Registered nurse Natasha Aspromonte, for example, enjoys her work at Southwest Memorial Hospital because of the trust complete strangers place in her. She said nursing school gave her the tools and confidence needed to give excellent care to patients.

The career fair was meant to broaden horizons, according to Jennifer Carter, director of Southwest Open School. Carter was part of the committee that coordinated logistics and invited panelists.

"We provided exposure and resources regarding careers to high school-age students, so they'd be equipped with information, knowledge and an understanding of how to envision their own futures," she said.

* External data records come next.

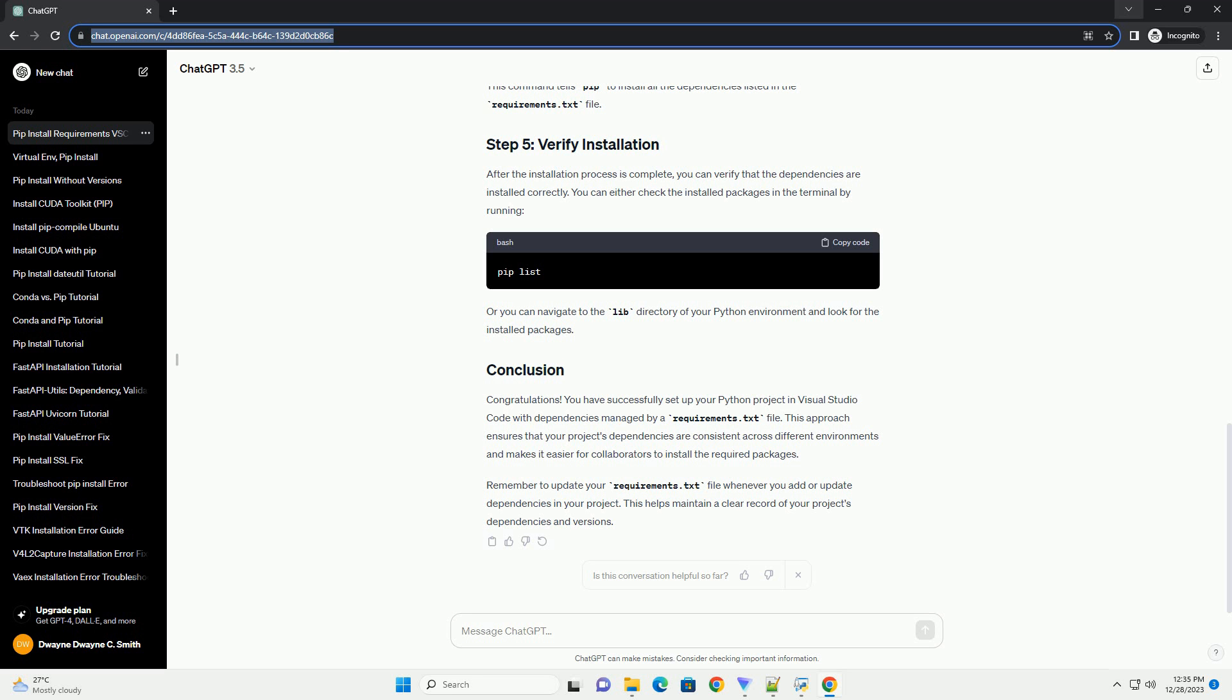Remember to update your Requirements.txt file whenever you add or update dependencies in your project. This helps maintain a clear record of your project's dependencies and versions.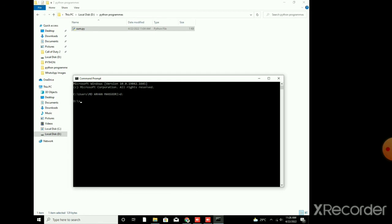Now I am going to open the Python programs folder in the D drive. Now I will write cd Python. You can check that the spelling must be same. Now when I press enter I have entered in the folder of Python programs.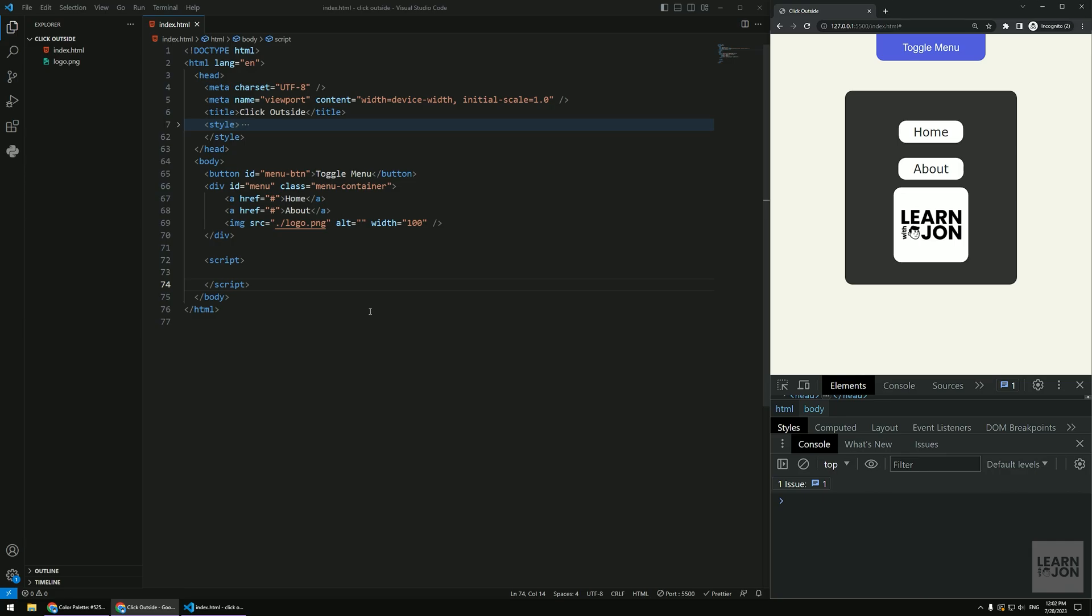Hello friends and welcome back to another tips and tricks video. In this one we are going to learn how to toggle a menu with JavaScript and also how to click outside of it to close it.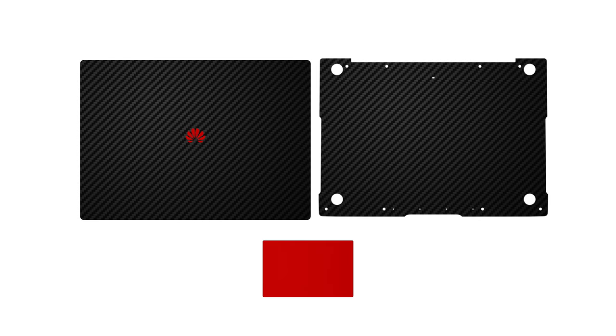Note that your dbrand skin comes with four elements: top, bottom, logo, and trackpad.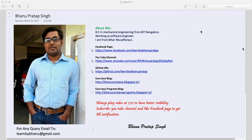Before starting, I come from a mechanical background. I have a Facebook page and channel - you can subscribe and get all the code from my GitHub. For any queries you can mail me at my Gmail address or ping me on my Facebook page.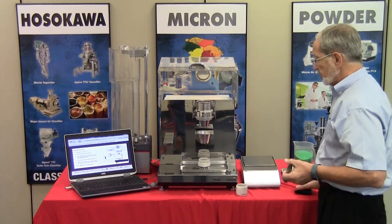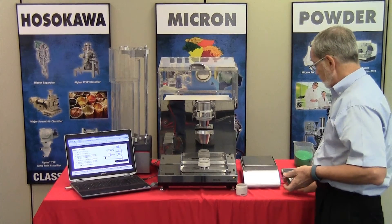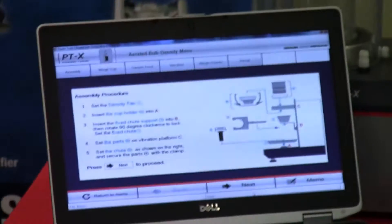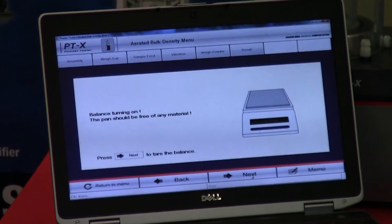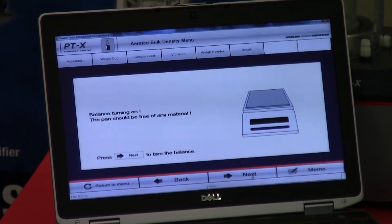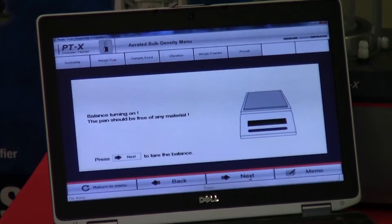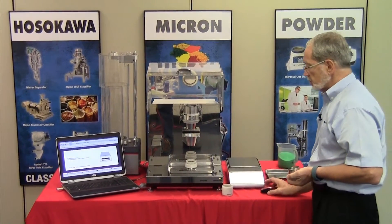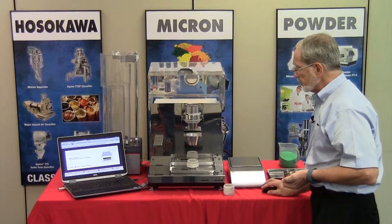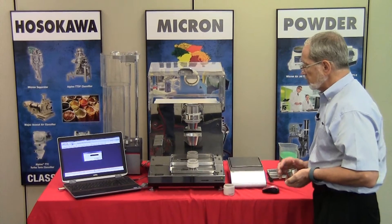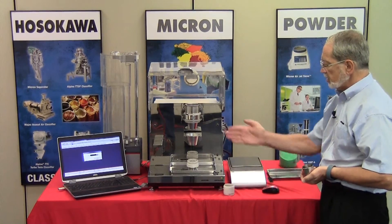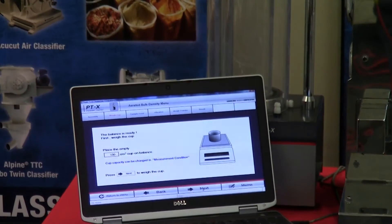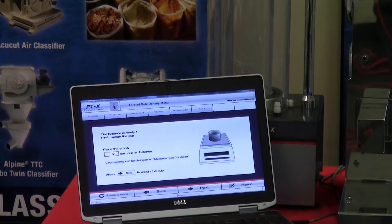Now that everything is set in place, we advance the software and press the next button. The software will communicate directly with the balance. The balance will now need to be tared, and as you can see, once the balance is tared, the display turns blue.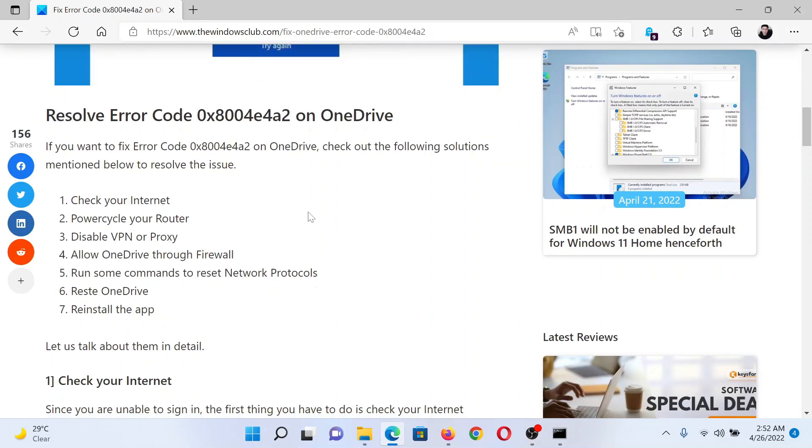The first solution is to check your internet connection, because if the internet is not working then obviously OneDrive will not sync either. Try opening a website on your favorite browser.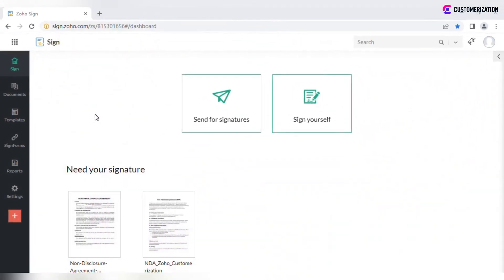As you send more and more documents for signatures to various counterparties, you will find that the list of contacts is getting bigger and start wondering how to manage them properly using Zoho Sign.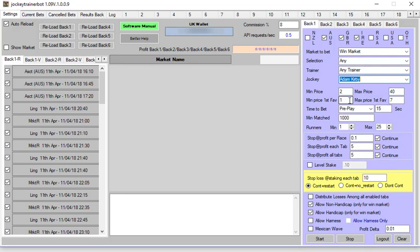If you don't want to bet in races that have got odds on, you can put two there so if there's an odds on favorite in that race the bot will not even look at it and consider betting on it. But I like to have it as one because the odds on often get rolled.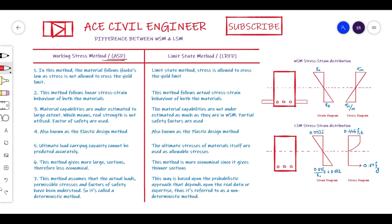Coming to the Limit State Method: this has evolved in the recent 50 years as an alternative to the Working Stress Method, and slowly it gained acceptance among engineers. People started following it, specified codes were made, and now more than 90% of people follow the Limit State Method because it has some advantages compared to Working Stress Method. This does not mean Working Stress Method has no merits — it has its merits as well.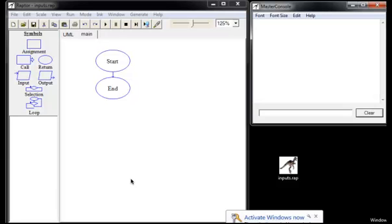So far, all the videos that have used variables have used the assignment statement. This time, in a program that I've called inputs, we're going to use the input statement for interactivity.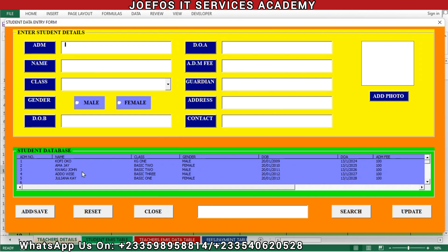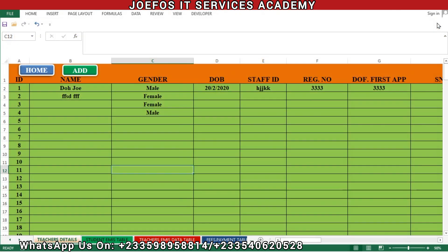The next thing we are going to do is insert the codes. We want to write codes that can activate all these columns here — the Add Photo button, the Reset, the Add and Save, the Close, Update, and Search. We are going to write the codes that can help us activate all those buttons. Please make sure you watch this video from the beginning to the end.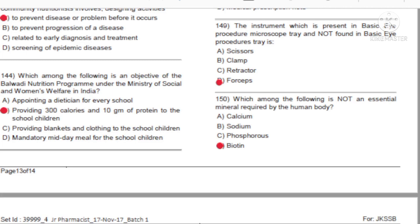So today we have completed the second previous year question paper. There are two more parts available on the RD channel. Those who haven't watched those two videos should watch them.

Carter said teenagers are not always aware of the options available to them. While high schools in Cortez, Mancos, Dolores and Dove Creek employ counselors to help students prepare for college or the workforce, hearing from well-established working professionals can be an effective motivator.

"We are only able to discover our potential when we understand what potential options exist," Carter said.

Organizers hope the career fair will be the first of many to come. By holding the event annually, students could better clarify their post-high school ambitions over multiple visits. Theoretically, this year's freshman class will take part four times before graduation in 2016.

"It was helpful," said Eddie Martinez, an M-CHS sophomore with interest in engineering. "You're getting to meet people who have experience and who know (the jobs) first hand."

Ed Rice, Career Technical Education Director at M-CHS, said expecting all students to finalize their long-term career plans during high school isn't realistic. For some, the career fair merely helped to cross certain professions off the list. Others might find their interest piqued in a sector they had no idea about.

For Martinez, the biggest takeaway was the importance of time management.

"Don't wait until senior year to do everything. Be prepared," he said.